Rappahannock’s New Chef Brings Years of Experience to the Plate

DeAndre Wilson has a strong grip. All that slicing, chopping and pitching in to shuck oysters when needed gives your hands the kind of workout that makes for a killer handshake.

The new chef de cuisine at Rappahannock may have stepped up to the front-and-center position, but he’s been in the business for 14 years. Born in Chicago and raised in Nashville, Tennessee, he tried culinary school with encouragement from his family after high school.
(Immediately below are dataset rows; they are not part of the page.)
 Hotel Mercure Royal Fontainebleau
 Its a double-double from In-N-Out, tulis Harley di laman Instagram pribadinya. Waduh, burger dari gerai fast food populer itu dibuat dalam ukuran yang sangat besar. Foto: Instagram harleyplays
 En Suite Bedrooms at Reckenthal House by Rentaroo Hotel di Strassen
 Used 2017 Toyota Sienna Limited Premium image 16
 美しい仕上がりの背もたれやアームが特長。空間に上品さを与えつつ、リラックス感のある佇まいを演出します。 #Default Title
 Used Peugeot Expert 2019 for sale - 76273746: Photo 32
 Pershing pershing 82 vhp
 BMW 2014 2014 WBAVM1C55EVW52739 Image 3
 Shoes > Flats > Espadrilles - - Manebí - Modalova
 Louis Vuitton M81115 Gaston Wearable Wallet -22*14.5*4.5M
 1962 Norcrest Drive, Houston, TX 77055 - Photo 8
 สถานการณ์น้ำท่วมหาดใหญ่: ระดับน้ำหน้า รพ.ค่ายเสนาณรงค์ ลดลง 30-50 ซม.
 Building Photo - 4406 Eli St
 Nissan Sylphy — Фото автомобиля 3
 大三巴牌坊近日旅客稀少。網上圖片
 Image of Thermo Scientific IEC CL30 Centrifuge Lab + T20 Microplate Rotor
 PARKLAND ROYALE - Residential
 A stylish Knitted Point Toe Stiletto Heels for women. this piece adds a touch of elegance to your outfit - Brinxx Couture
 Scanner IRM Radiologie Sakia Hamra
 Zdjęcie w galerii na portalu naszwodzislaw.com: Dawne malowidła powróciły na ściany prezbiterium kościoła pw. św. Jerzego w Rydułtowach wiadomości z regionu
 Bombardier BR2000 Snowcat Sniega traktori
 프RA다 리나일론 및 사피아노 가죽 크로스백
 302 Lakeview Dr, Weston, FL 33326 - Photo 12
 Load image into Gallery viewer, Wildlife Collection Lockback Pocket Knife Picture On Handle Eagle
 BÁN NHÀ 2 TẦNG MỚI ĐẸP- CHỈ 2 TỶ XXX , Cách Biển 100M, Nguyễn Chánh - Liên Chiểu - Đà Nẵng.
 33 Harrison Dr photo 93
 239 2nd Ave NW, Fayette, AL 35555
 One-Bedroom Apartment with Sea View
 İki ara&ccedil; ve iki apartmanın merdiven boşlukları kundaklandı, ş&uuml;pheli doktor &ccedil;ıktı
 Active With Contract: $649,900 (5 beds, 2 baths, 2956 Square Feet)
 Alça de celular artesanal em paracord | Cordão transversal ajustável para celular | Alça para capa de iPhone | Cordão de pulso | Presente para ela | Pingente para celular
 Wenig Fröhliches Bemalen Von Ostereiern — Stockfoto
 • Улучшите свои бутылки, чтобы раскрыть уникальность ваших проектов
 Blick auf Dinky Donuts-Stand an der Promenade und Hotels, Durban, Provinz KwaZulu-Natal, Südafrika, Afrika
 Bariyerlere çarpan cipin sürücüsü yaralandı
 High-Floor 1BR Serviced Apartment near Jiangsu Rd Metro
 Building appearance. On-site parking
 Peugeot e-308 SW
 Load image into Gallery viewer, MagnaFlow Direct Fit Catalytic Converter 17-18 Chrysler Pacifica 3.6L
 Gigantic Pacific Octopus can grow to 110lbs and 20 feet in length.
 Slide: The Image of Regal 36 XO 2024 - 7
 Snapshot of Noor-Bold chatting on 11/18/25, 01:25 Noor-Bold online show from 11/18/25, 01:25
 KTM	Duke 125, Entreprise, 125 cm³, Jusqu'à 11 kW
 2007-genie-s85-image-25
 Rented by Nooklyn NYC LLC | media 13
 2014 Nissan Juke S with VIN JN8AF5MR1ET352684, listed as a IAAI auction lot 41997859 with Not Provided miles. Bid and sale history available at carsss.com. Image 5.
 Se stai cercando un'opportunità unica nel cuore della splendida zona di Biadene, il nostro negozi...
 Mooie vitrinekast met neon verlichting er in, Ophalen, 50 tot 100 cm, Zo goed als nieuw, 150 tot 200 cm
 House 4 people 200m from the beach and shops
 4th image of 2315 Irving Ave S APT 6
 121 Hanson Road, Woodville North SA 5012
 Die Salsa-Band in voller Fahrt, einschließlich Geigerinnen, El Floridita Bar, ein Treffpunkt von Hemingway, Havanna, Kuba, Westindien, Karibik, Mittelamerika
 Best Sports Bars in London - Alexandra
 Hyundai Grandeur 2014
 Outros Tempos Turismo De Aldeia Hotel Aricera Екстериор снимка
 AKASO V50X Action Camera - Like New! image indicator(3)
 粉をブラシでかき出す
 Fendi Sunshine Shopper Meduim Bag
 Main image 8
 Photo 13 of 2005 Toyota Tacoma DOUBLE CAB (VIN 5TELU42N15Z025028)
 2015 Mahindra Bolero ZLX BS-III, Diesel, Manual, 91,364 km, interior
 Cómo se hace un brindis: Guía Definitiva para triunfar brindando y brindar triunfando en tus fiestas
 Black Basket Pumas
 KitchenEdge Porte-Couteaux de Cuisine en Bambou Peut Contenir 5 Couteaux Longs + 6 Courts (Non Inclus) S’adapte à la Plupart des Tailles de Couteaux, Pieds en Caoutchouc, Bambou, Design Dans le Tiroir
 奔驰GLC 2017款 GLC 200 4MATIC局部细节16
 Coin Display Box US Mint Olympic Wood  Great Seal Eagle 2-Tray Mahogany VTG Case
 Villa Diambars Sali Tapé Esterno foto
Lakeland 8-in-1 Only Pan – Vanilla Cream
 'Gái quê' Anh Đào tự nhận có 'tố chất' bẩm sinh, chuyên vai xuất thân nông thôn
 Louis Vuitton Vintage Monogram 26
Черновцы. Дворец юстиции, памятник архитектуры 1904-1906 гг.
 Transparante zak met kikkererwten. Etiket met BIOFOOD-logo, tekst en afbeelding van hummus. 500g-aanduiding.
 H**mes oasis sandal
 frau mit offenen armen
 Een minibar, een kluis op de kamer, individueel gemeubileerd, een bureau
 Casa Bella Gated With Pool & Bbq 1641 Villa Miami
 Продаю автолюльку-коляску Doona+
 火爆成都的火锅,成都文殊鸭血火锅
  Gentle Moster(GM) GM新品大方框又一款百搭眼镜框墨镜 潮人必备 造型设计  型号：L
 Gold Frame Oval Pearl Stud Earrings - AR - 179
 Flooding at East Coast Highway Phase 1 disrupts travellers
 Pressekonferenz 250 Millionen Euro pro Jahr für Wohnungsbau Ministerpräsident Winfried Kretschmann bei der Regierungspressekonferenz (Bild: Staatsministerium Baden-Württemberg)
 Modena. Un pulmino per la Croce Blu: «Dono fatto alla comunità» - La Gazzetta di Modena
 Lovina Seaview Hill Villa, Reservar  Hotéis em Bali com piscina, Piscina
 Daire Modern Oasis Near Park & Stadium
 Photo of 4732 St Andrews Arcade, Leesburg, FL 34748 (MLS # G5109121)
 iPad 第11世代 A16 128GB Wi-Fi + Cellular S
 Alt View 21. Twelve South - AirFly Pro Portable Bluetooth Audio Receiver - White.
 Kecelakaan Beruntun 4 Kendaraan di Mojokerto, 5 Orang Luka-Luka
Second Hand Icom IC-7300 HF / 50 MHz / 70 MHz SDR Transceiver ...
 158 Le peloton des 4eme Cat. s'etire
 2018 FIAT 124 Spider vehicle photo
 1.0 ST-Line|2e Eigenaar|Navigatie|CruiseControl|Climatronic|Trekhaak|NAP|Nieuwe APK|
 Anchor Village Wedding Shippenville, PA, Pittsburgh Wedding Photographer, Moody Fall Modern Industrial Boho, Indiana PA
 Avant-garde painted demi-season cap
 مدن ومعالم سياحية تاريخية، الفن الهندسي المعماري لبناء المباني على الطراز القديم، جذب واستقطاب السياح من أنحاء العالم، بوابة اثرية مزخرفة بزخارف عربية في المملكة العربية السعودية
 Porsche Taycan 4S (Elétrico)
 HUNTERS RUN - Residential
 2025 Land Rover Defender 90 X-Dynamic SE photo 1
Wilson learned to cook by sitting on the kitchen counter watching his grandmother and asking questions. As he got older, he realized something. “Everything was so flavorful and good, but everything was so overcooked,” he says. “[I thought], I’ve got to get out of this and try some other food.”

But in the end, he says, culinary school “was a little expensive for my taste.” Plus, Wilson was staging at Chicago’s acclaimed Blackbird, and after six months there, he was offered a full-time job. “I quickly realized that with the hands-on experience and the people that I was dealing with at Blackbird,” he says, “there was really no reason for me to be in culinary school.”

Dylan Fultineer — now the executive chef overseeing Rappahannock, Rapp Session, Washington’s Rappahannock Oyster Bar, Topping’s Merroir and an upcoming Charleston, South Carolina, project — was the sous chef there at the time. “He really was a mentor to me,” Wilson says.

After four years at Blackbird, he moved on to other Chicago restaurants and hotels — Four Seasons, Trump International Hotel & Tower and Marcus Samuelsson’s C-House — learning all he could. Then he got the call from Fultineer.

“He told me he was coming out to Richmond — and I asked him why,” Wilson says, laughing. Fultineer was opening Rappahannock with owners Ryan and Travis Croxton, and he needed help. Two weeks later, Wilson and his fiancee moved to Richmond.

Now Wilson has full creative control over the menu. It’s changing slowly, but during the next month or so, the menu will have his stamp all over it.

And that’s unusual for a town that doesn’t have a lot of black chefs — an issue of concern nationwide. Along with women, minorities simply aren’t represented in the industry. Wilson isn’t sure why this might be the case. He simply says that it hasn’t been a problem for him.

“My passion is deep for what I do,” Wilson says. “You can’t change passion. I just continue to go forward and try to reach that goal that you’re never, ever really going to complete. As a chef, you’re never happy, you’re always striving to do better than what you’ve already done.”